Task brief - An exact transcription of every record is needed, leaving out the pictures.

::: Materials provided

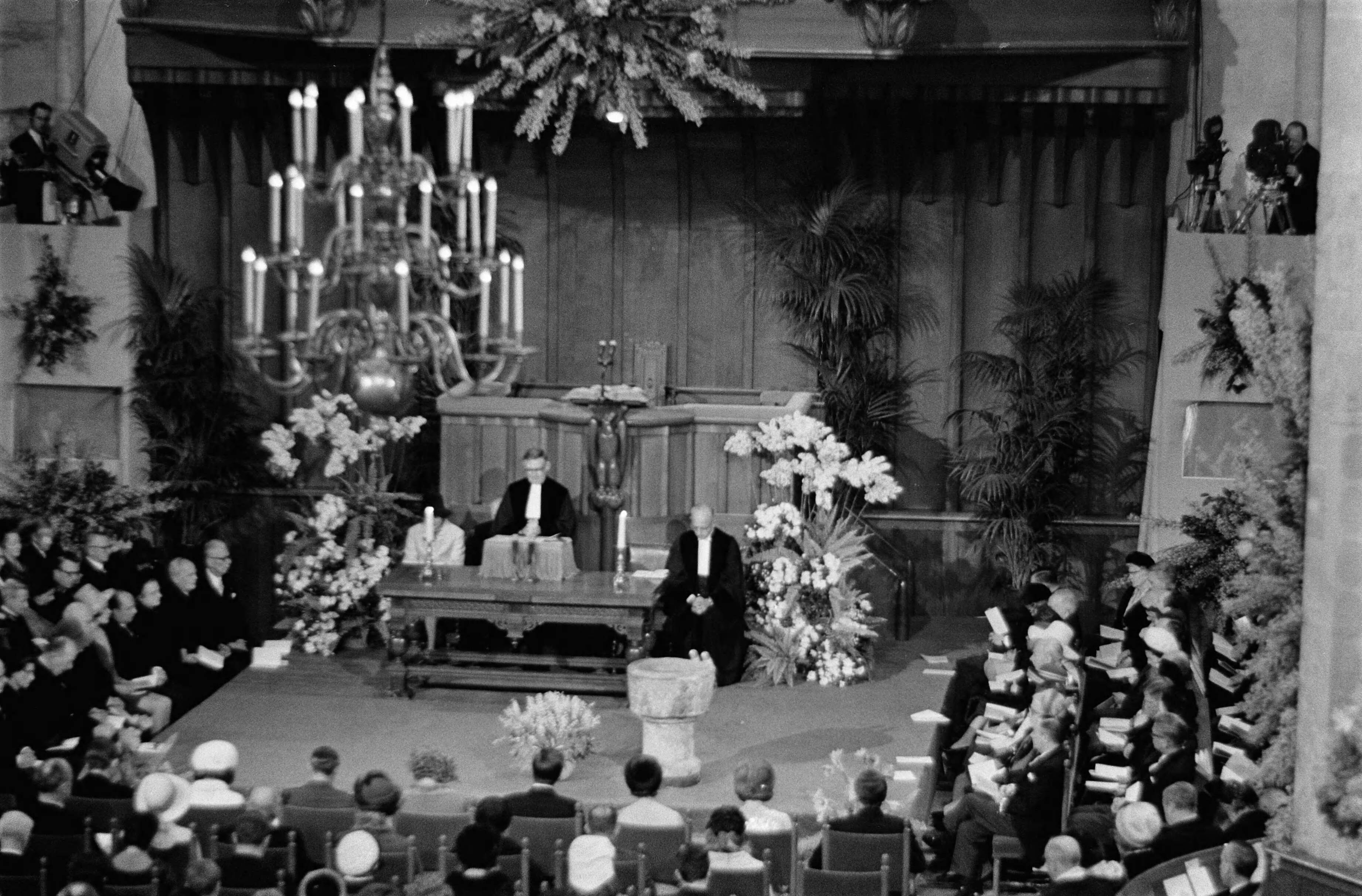 Fotocollectie Anefo — Doop van prins Constantijn en prins Bernhard in Domkerk te Utrecht. Overzicht — Foto: Koch, Eric / Anefo. Licentie: Set B: Rechtenvrij / Publiek Domein. Bron: Nationaal Archief. http://hdl.handle.net/10648/ab8e2638-d0b4-102d-bcf8-003048976d84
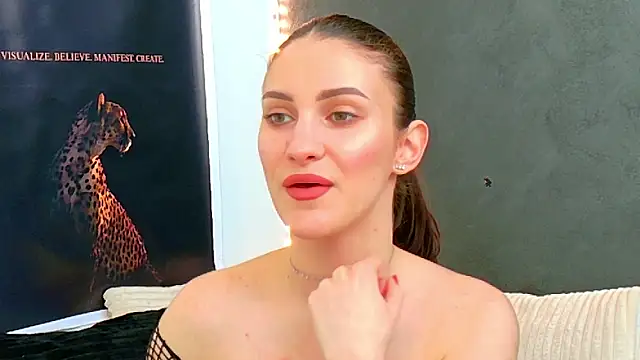 Snapshot of Amira_a chatting on April 8, 10:59 am Amira a online show from April 8, 10:59 am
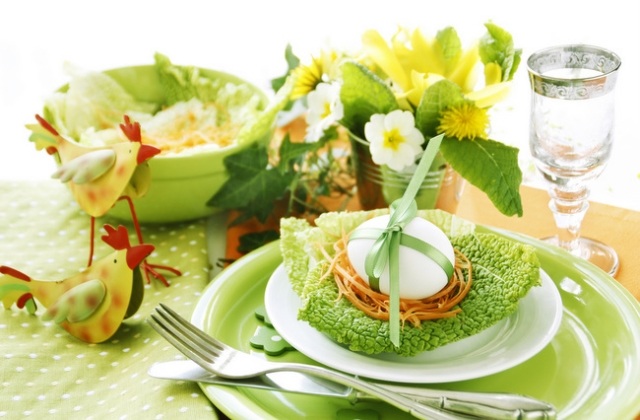 bordsdekorationer gröngula rätter blommor höns
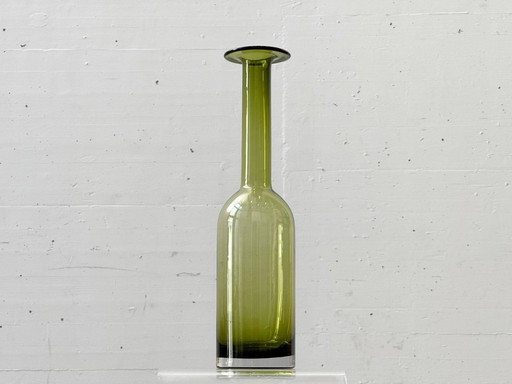 Jarrón de cristal delgado en color verde oliva, década de 1970.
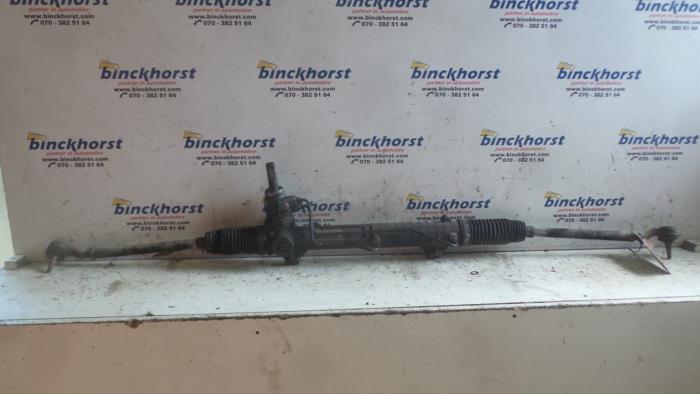 Power steering box from a Peugeot 406 (8B) 1.8 16V 1998
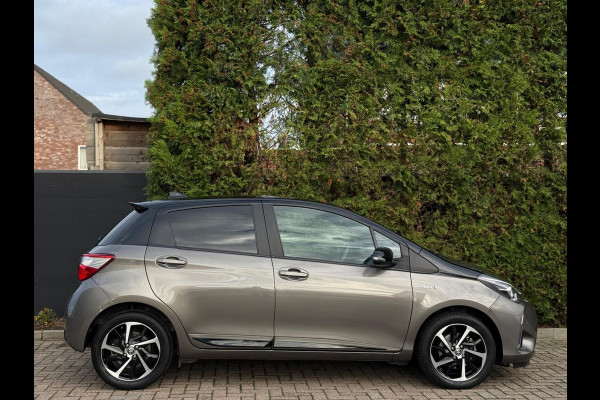 Toyota Yaris 1.5 Hybrid Selection CarPlay Camera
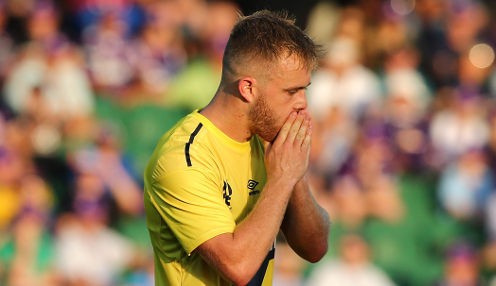 Sydney crush 10-man Mariners
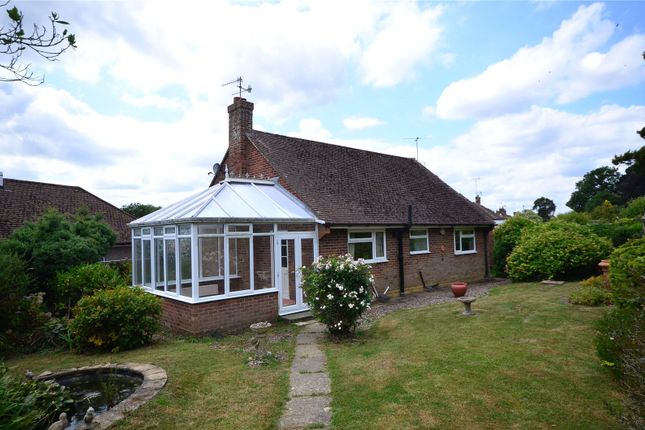 East Grinstead, West Sussex, RH19 2 bed bungalow for sale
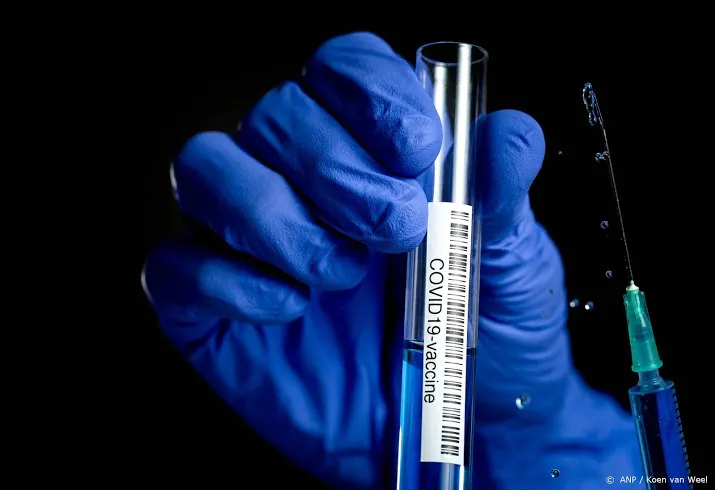 ggd haaglanden vaccineert zorgmedewerkers op een locatie
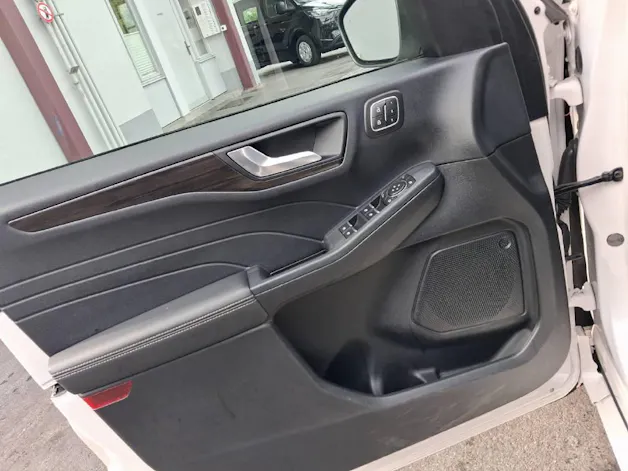 FORD Kuga 2.5 Plug-in Hybrid Vignale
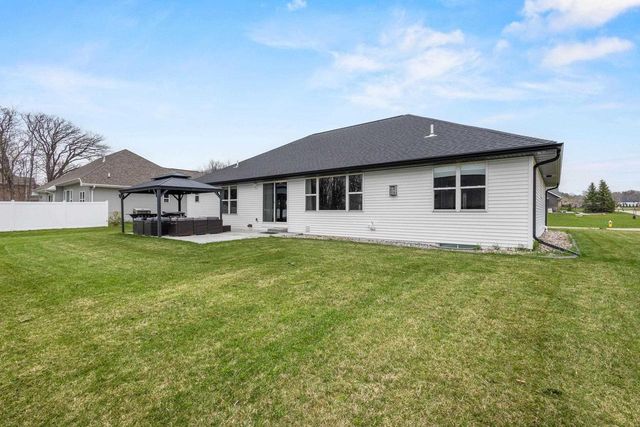 2909 GRAND CYPRESS LANE, Green Bay, WI 54311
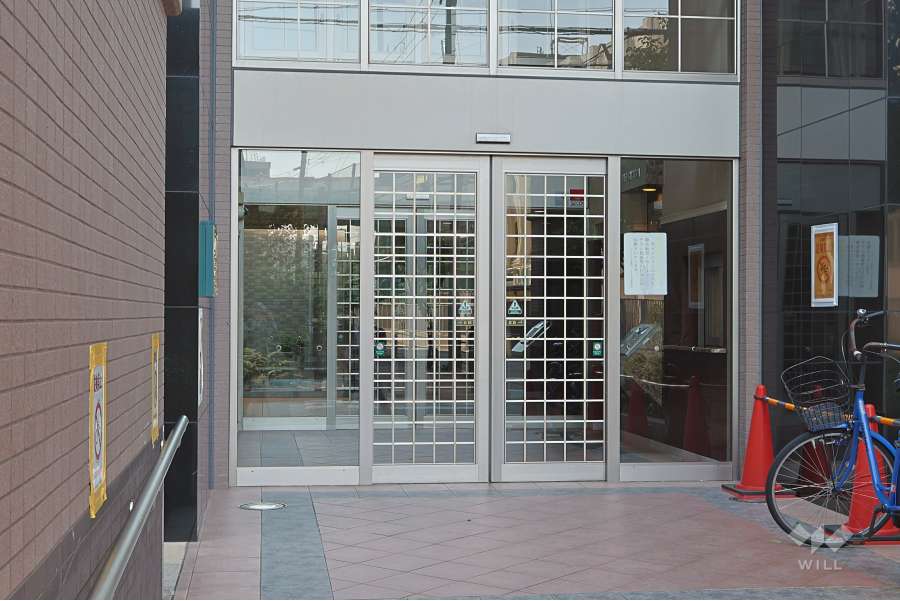 エントランスはオートロック付きです。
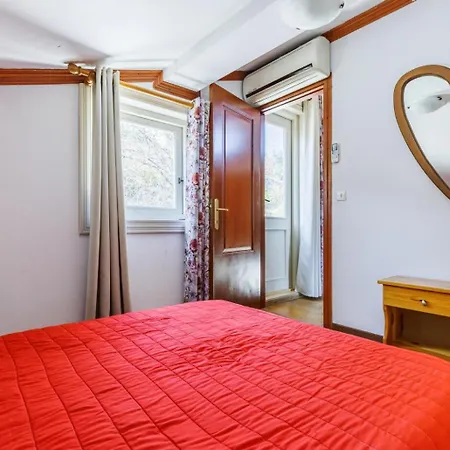 Villa Aloupi *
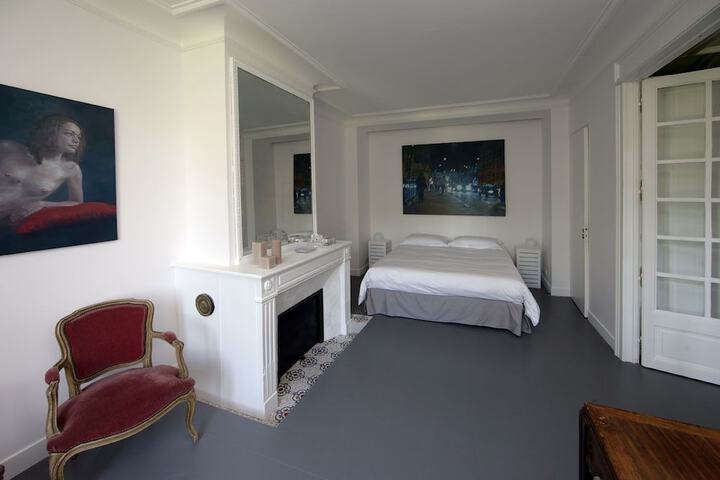 Room 2 of 40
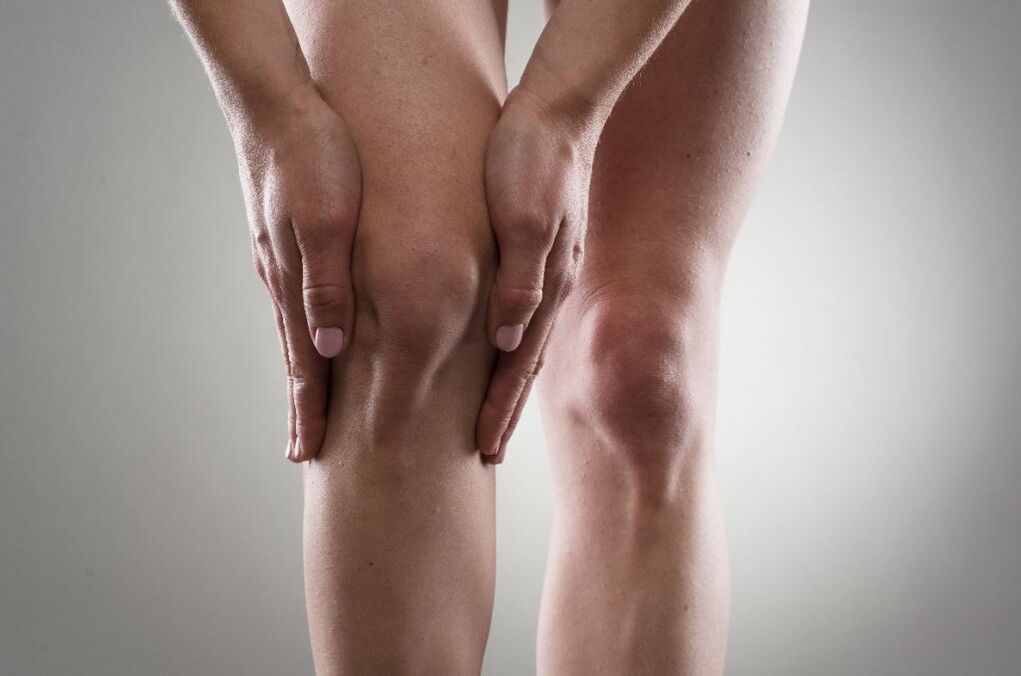 Το πρώτο σύμπτωμα της γοναρθρώσεως είναι ο πόνος στο γόνατο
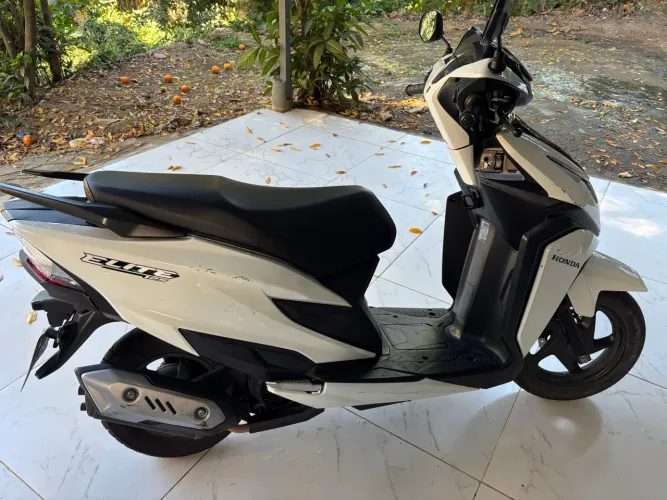Moto Elite 2025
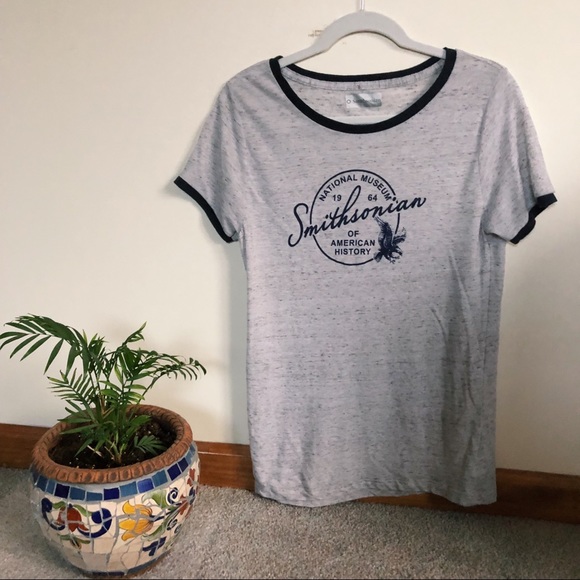 smithsonian Tops - Smithsonian Museum T-Shirt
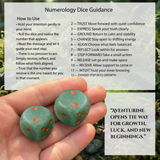 🎲 Green Aventurine — Intention & Decision Dice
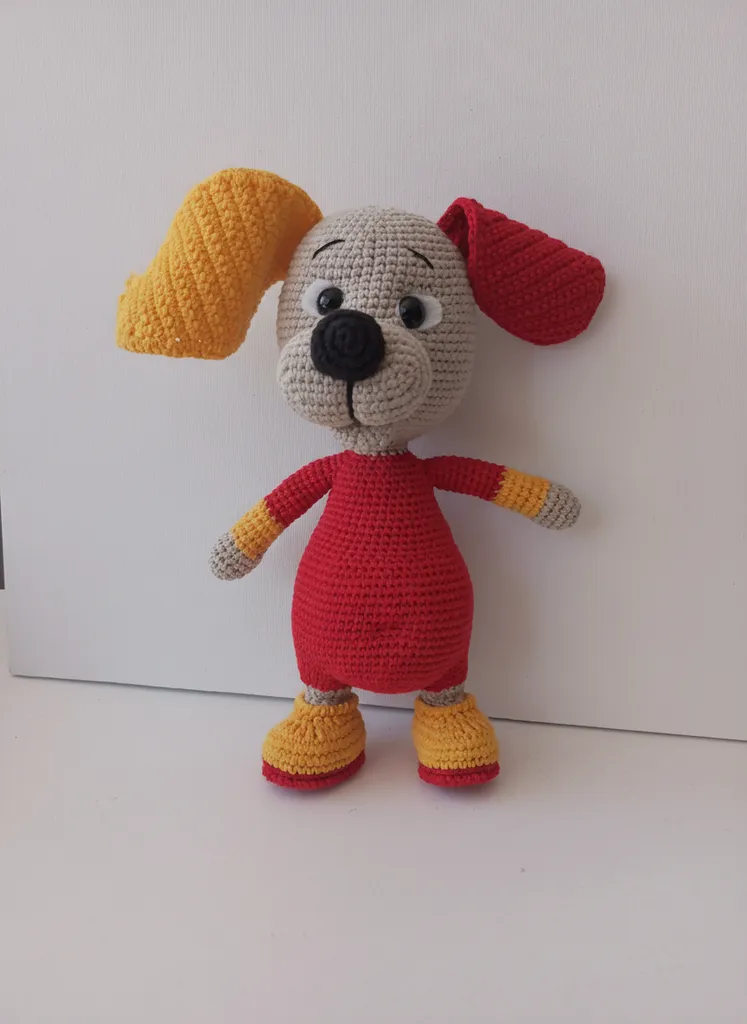 Örgü Oyuncak Köpek - Sarı ve Kırmızı Detaylı, El Emeği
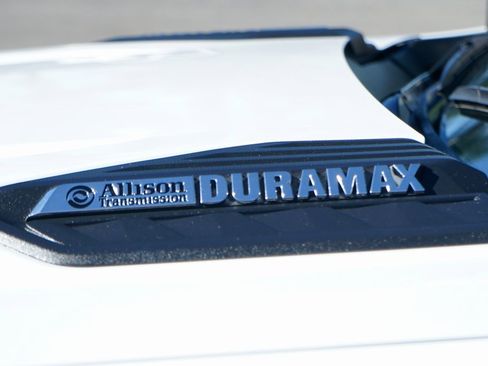 Used 2025 Chevrolet Silverado 3500 LT w/ Convenience Package image 46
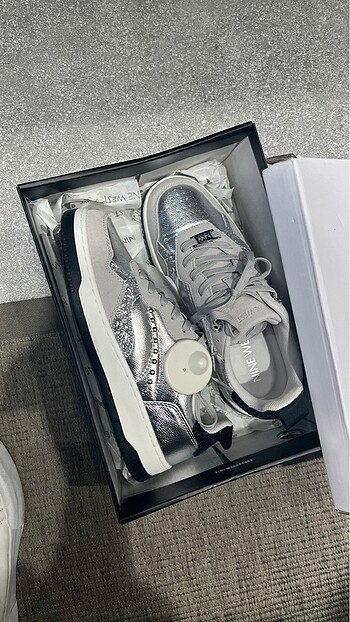 Nine west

::::::

Output of the exercise -
 Fotocollectie Anefo — Doop van prins Constantijn en prins Bernhard in Domkerk te Utrecht. Overzicht — Foto: Koch, Eric / Anefo. Licentie: Set B: Rechtenvrij / Publiek Domein. Bron: Nationaal Archief. http://hdl.handle.net/10648/ab8e2638-d0b4-102d-bcf8-003048976d84
 Snapshot of Amira_a chatting on April 8, 10:59 am Amira a online show from April 8, 10:59 am
 bordsdekorationer gröngula rätter blommor höns
 Jarrón de cristal delgado en color verde oliva, década de 1970.
 Power steering box from a Peugeot 406 (8B) 1.8 16V 1998
 Toyota Yaris 1.5 Hybrid Selection CarPlay Camera
 Sydney crush 10-man Mariners
 East Grinstead, West Sussex, RH19 2 bed bungalow for sale
 ggd haaglanden vaccineert zorgmedewerkers op een locatie
 FORD Kuga 2.5 Plug-in Hybrid Vignale
 2909 GRAND CYPRESS LANE, Green Bay, WI 54311
 エントランスはオートロック付きです。
 Villa Aloupi *
 Room 2 of 40
 Το πρώτο σύμπτωμα της γοναρθρώσεως είναι ο πόνος στο γόνατο
Moto Elite 2025
 smithsonian Tops - Smithsonian Museum T-Shirt
 🎲 Green Aventurine — Intention & Decision Dice
 Örgü Oyuncak Köpek - Sarı ve Kırmızı Detaylı, El Emeği
 Used 2025 Chevrolet Silverado 3500 LT w/ Convenience Package image 46
 Nine west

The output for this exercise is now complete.